- _Dataset extract_

--- START ---

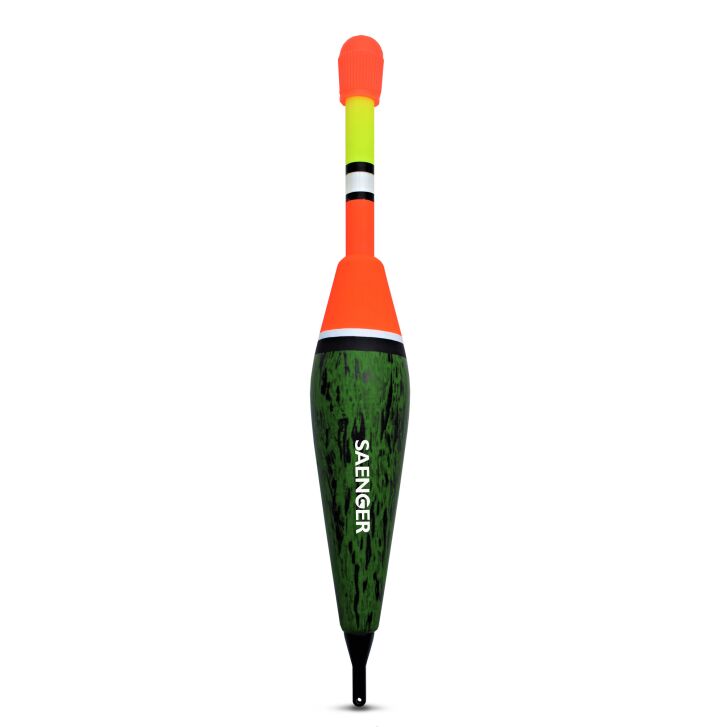 Saenger Hecht Knicklicht Laufpose 20g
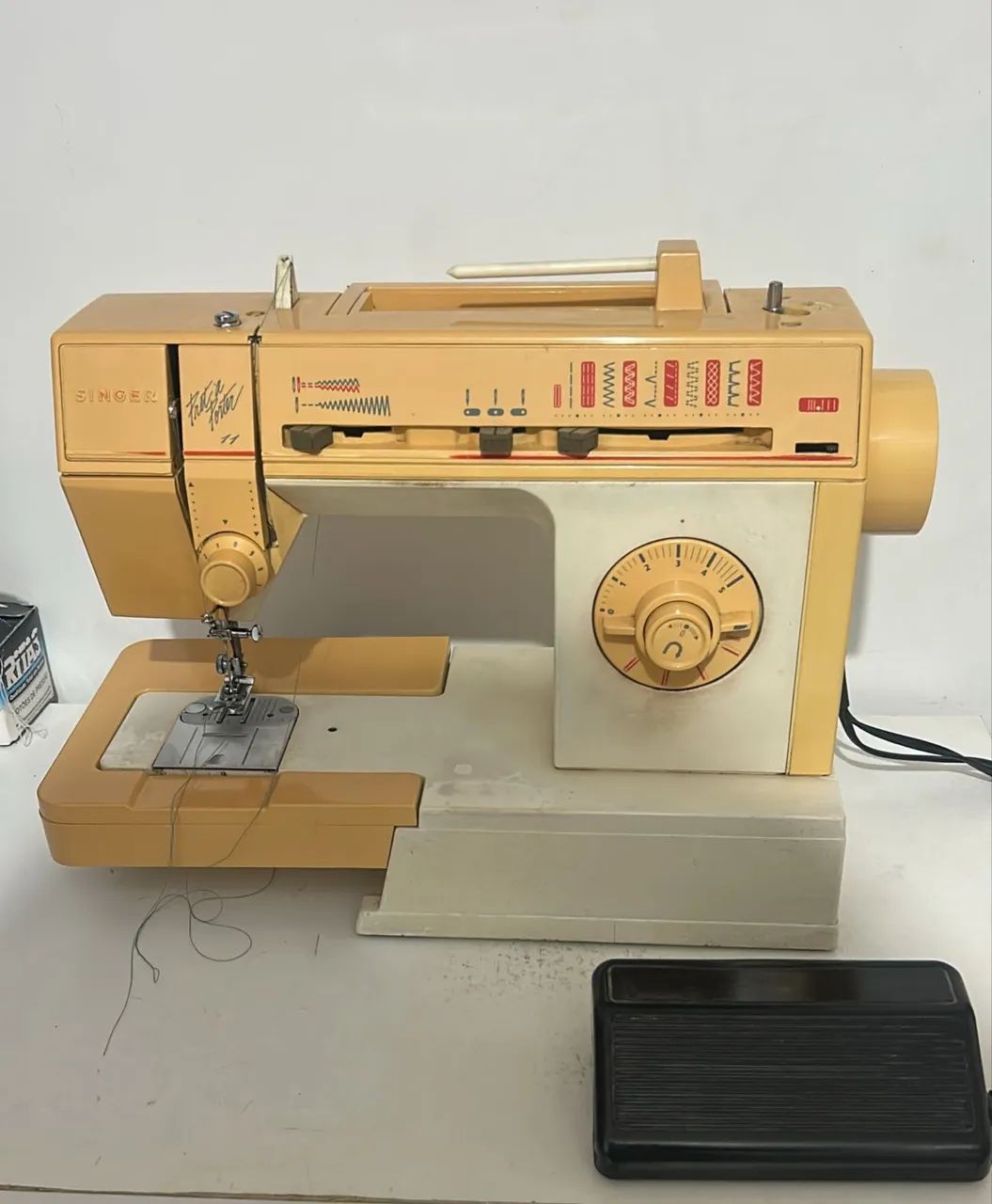 Máquina de Costura Doméstica - Roupas - Planalto Boa Esperança, João ...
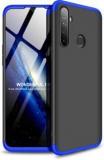 Flipkart Smartbuy Back Cover for Realme Narzo 10, Realme 5, Realme 5i, Realme 5s (Camera Bump Protector)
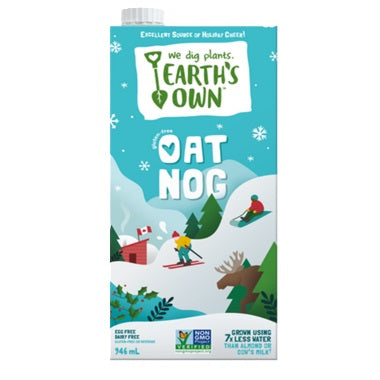 Earths Own Oat Nog 946ml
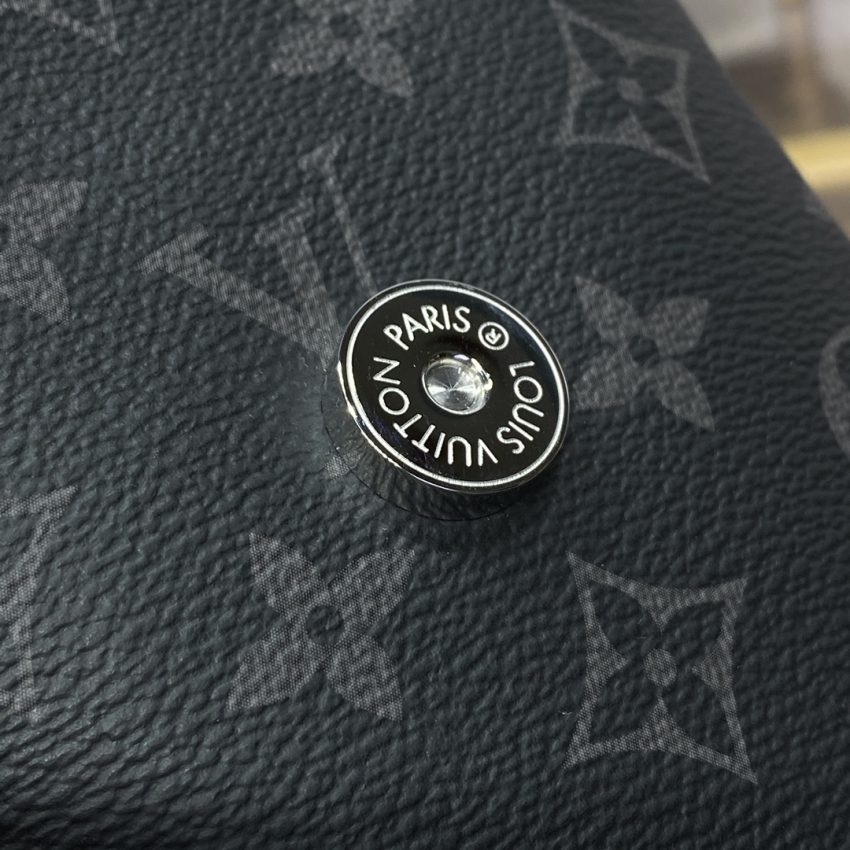 LV オンザゴー シルバー ソフト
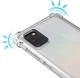 Противоударный прозрачный чехол для Samsung Galaxy A31/A315 - изображение 1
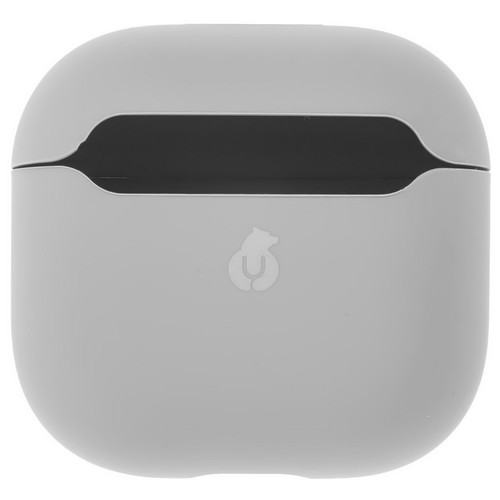 Купить Чехол Ubear  для Apple AirPods 4, Apple AirPods 4 Pro, серый в интернет-магазине DNS. Характеристики, цена uBear CS493LG15TP-AP4 | 5617339.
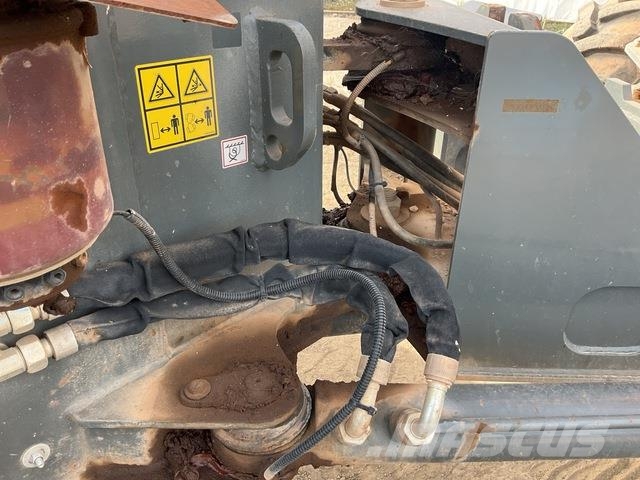 Wacker Neuson DV90 側卸礦車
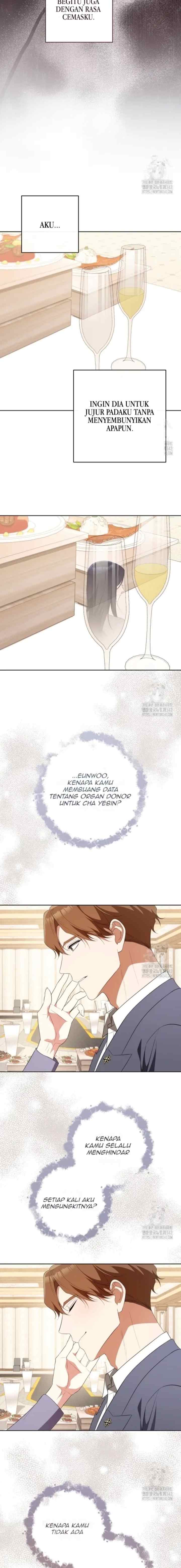 I Will Escape From the Flower of Ordeals chapter 38 halaman 14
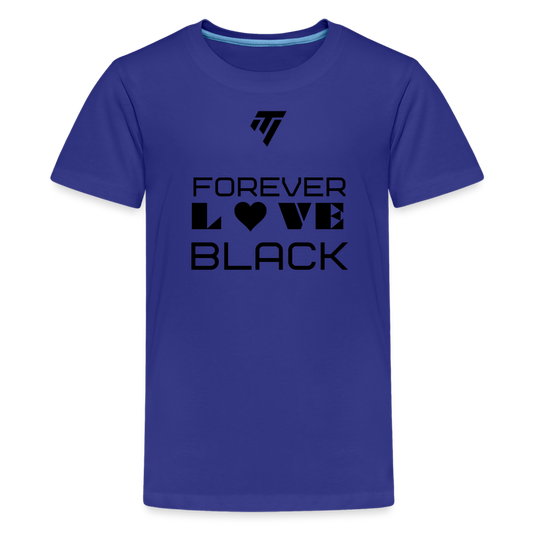 Kids' Premium T-Shirt - royal blue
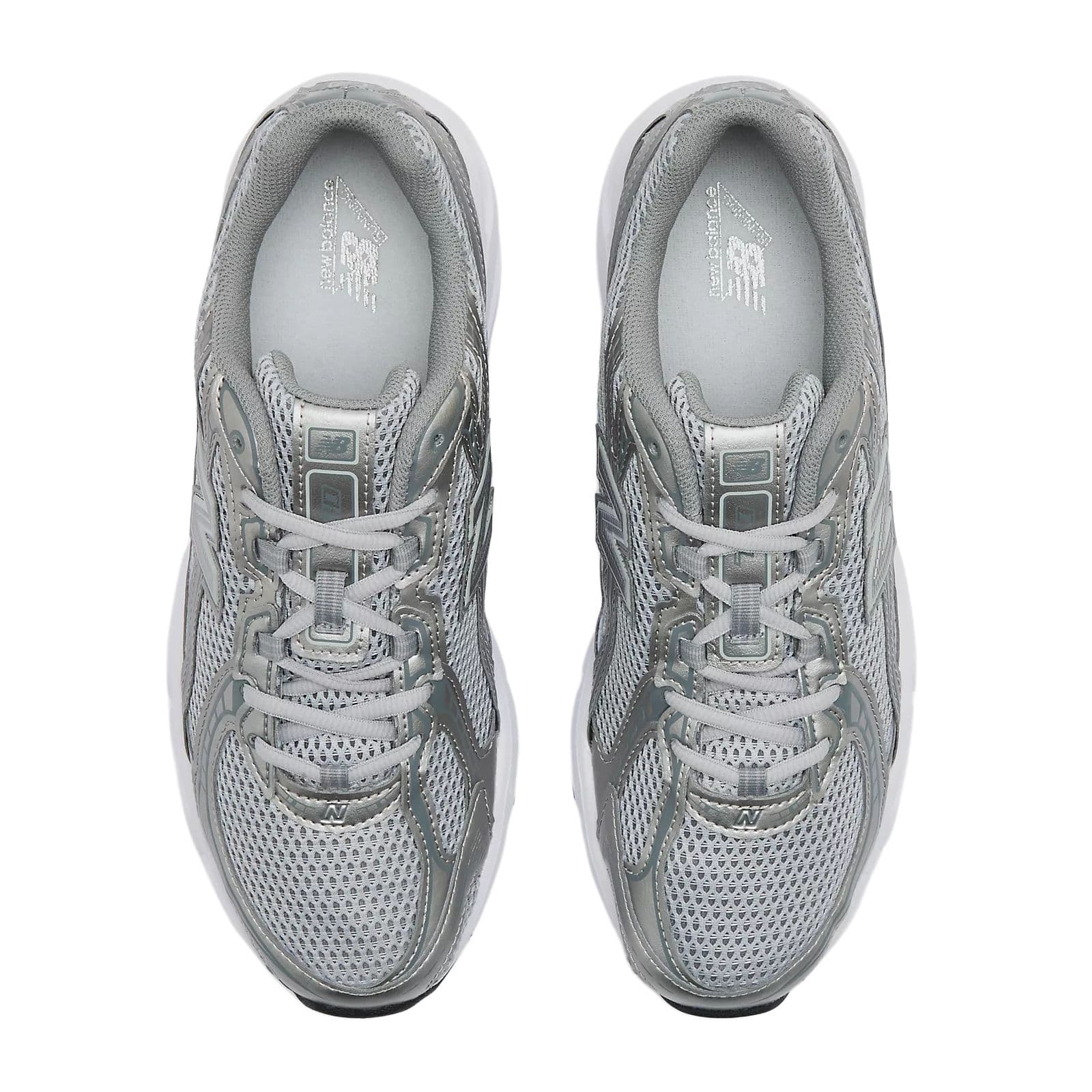 Кроссовки для бега New Balance NB 740 Модный тренд Устойчивый к истиранию Низкий верх Повседневные Городские Коммутатор Беговые кроссовки - изображение 3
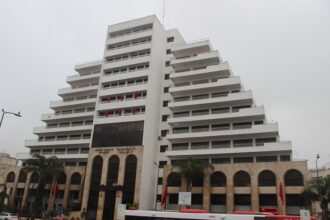 Communales : La liste des arrondissements, provinces et préfectures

--- END ---

- _What to work on_
Could the lines above be copied out exactly, with no image carried over?

- _Answer to the problem_
 Saenger Hecht Knicklicht Laufpose 20g
 Máquina de Costura Doméstica - Roupas - Planalto Boa Esperança, João ...
 Flipkart Smartbuy Back Cover for Realme Narzo 10, Realme 5, Realme 5i, Realme 5s (Camera Bump Protector)
 Earths Own Oat Nog 946ml
 LV オンザゴー シルバー ソフト
 Противоударный прозрачный чехол для Samsung Galaxy A31/A315 - изображение 1
 Купить Чехол Ubear  для Apple AirPods 4, Apple AirPods 4 Pro, серый в интернет-магазине DNS. Характеристики, цена uBear CS493LG15TP-AP4 | 5617339.
 Wacker Neuson DV90 側卸礦車
 I Will Escape From the Flower of Ordeals chapter 38 halaman 14
 Kids' Premium T-Shirt - royal blue
 Кроссовки для бега New Balance NB 740 Модный тренд Устойчивый к истиранию Низкий верх Повседневные Городские Коммутатор Беговые кроссовки - изображение 3
 Communales : La liste des arrondissements, provinces et préfectures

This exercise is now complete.